» Given records:
*** Begin section ***
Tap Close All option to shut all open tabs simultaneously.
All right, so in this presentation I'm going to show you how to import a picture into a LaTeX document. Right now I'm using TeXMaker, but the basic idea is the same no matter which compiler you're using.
*** End section ***
*** Begin section ***
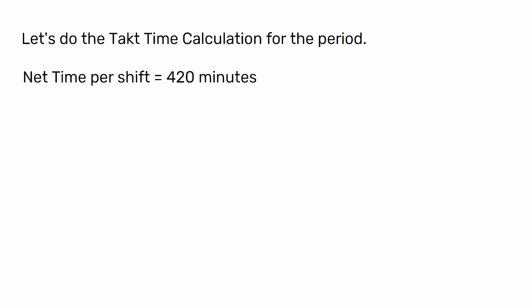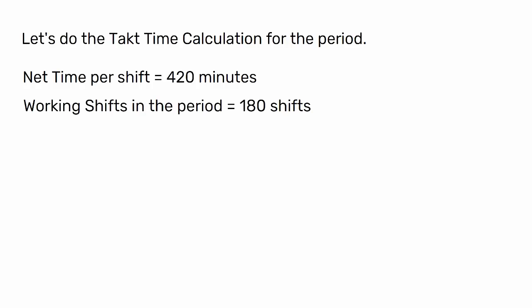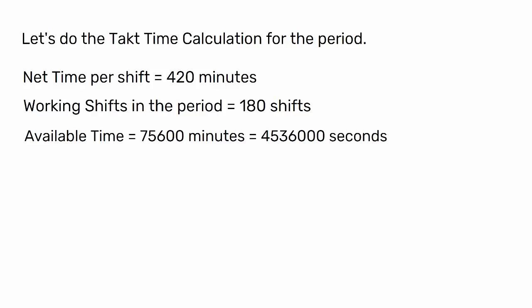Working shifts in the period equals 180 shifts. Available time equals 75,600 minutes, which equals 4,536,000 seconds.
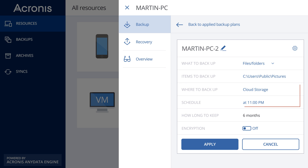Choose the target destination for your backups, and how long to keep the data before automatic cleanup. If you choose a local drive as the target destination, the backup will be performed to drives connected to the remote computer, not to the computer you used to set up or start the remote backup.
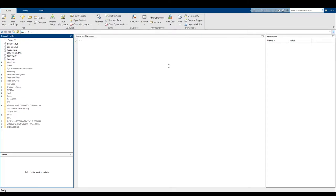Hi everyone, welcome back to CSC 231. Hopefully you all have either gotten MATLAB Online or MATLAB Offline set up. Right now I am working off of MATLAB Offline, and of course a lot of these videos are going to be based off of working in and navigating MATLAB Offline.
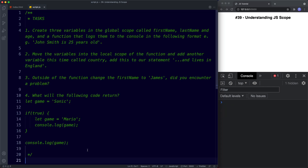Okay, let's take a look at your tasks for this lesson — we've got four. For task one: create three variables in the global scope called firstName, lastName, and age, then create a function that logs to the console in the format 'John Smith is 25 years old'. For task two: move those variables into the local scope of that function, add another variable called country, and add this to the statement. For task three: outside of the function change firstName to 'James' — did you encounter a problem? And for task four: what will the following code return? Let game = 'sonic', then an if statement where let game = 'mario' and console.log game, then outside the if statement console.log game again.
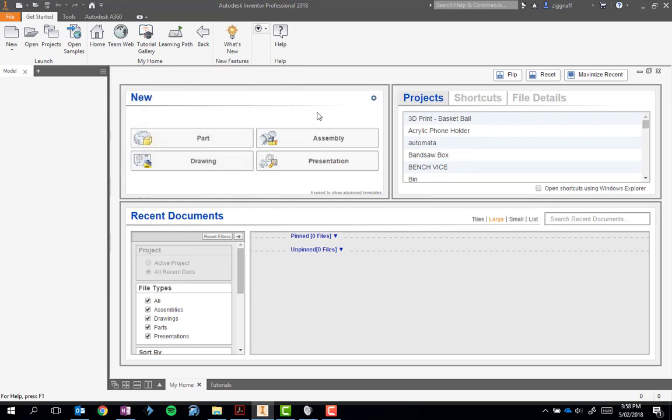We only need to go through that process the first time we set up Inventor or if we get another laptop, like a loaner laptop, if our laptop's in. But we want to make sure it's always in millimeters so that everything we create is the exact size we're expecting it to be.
*** End section ***
» What you need to do: Reproduce verbatim the lines above, from the line with "Tap Close All" through the line with "All right, so".

» Output for this task:
Tap Close All option to shut all open tabs simultaneously.
All right, so in this presentation I'm going to show you how to import a picture into a LaTeX document. Right now I'm using TeXMaker, but the basic idea is the same no matter which compiler you're using.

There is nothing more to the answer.